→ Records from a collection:
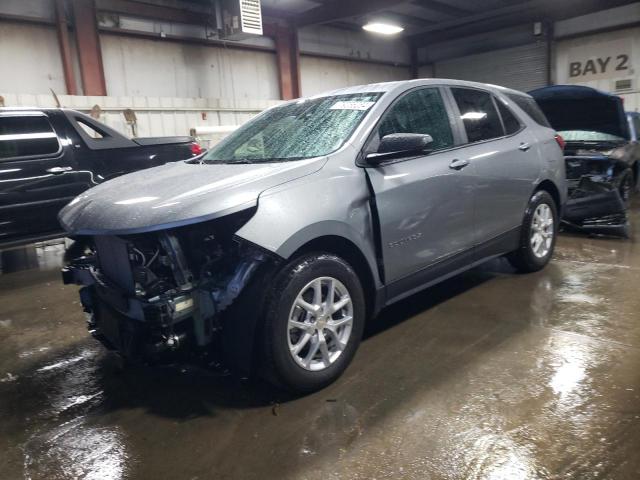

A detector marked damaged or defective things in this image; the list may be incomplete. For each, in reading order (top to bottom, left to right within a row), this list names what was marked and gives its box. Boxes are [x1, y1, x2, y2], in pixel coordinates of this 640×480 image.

damaged front end [560, 144, 632, 238]
damaged front end [62, 210, 278, 364]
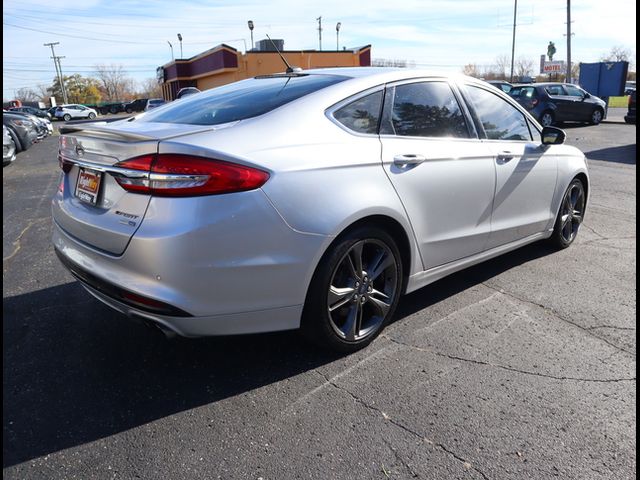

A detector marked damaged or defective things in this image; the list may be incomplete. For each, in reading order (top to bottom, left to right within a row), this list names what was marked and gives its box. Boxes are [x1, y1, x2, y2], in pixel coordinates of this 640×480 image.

cracked asphalt [3, 110, 636, 478]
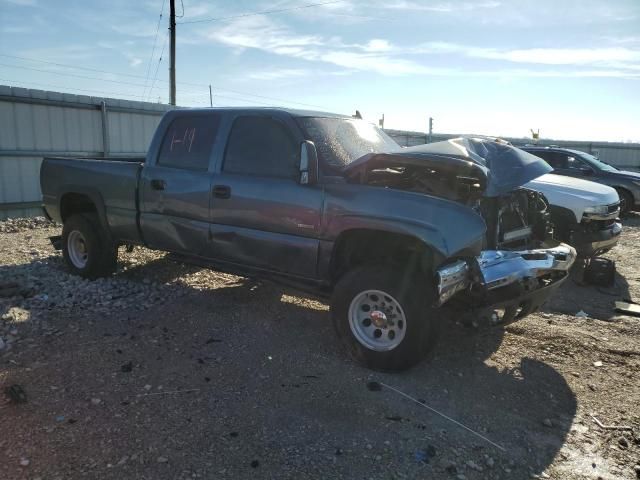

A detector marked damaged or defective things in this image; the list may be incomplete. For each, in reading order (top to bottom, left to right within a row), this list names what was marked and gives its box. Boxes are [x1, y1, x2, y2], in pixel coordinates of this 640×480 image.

crushed hood [342, 136, 552, 196]
damaged pickup truck [42, 109, 576, 372]
crumpled front end [436, 244, 576, 322]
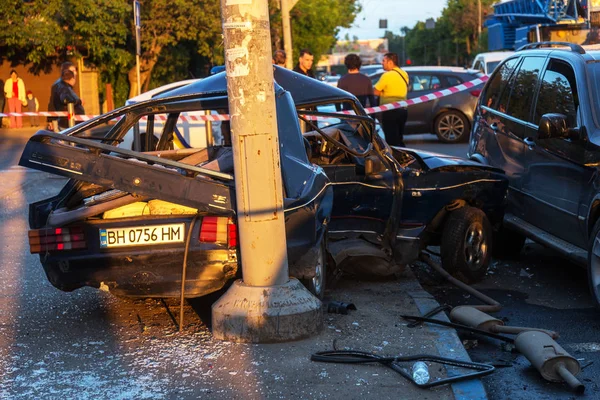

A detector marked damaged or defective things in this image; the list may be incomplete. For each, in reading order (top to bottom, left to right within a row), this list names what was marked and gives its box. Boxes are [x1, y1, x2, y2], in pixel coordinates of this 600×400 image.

crushed car roof [157, 66, 358, 108]
detached car wheel [434, 111, 472, 144]
crashed black car [19, 67, 506, 300]
detached car wheel [300, 238, 328, 300]
detached car wheel [440, 206, 492, 284]
detached car wheel [584, 219, 600, 306]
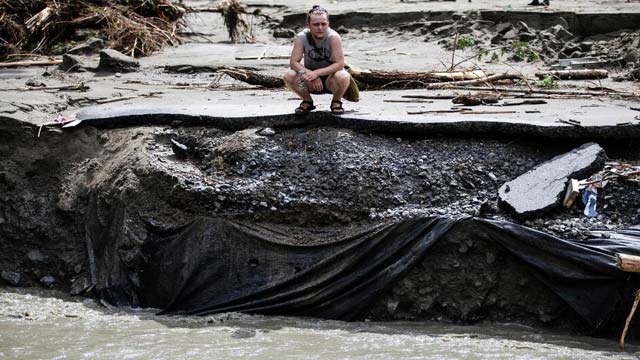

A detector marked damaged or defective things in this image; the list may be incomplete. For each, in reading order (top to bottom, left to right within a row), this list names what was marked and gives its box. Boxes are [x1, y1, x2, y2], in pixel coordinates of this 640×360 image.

broken concrete chunk [98, 48, 139, 72]
broken concrete chunk [500, 143, 604, 217]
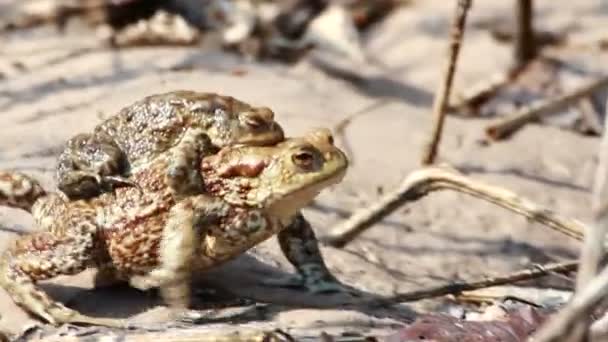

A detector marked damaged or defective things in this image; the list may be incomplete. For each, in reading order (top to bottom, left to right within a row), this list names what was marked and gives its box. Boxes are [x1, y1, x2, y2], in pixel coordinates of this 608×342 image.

broken stick [420, 0, 472, 166]
broken stick [486, 75, 608, 140]
broken stick [324, 165, 588, 246]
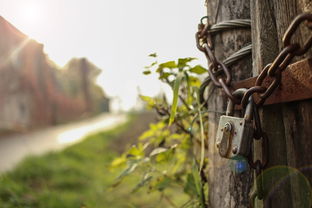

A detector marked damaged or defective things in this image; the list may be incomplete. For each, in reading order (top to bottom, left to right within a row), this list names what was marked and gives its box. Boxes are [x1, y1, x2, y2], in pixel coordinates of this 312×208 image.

rust on metal [233, 57, 312, 105]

→ TO DO:
An exact copy of the lines from the one containing "this 312×208 image." through the end of the entries is required, and nothing beyond them.

→ REPLY TO THE TASK:
A detector marked damaged or defective things in this image; the list may be incomplete. For each, in reading order (top to bottom, left to right within a row), this list names what was marked and gives its box. Boxes are [x1, y1, x2, y2], in pixel coordinates of this 312×208 image.

rust on metal [233, 57, 312, 105]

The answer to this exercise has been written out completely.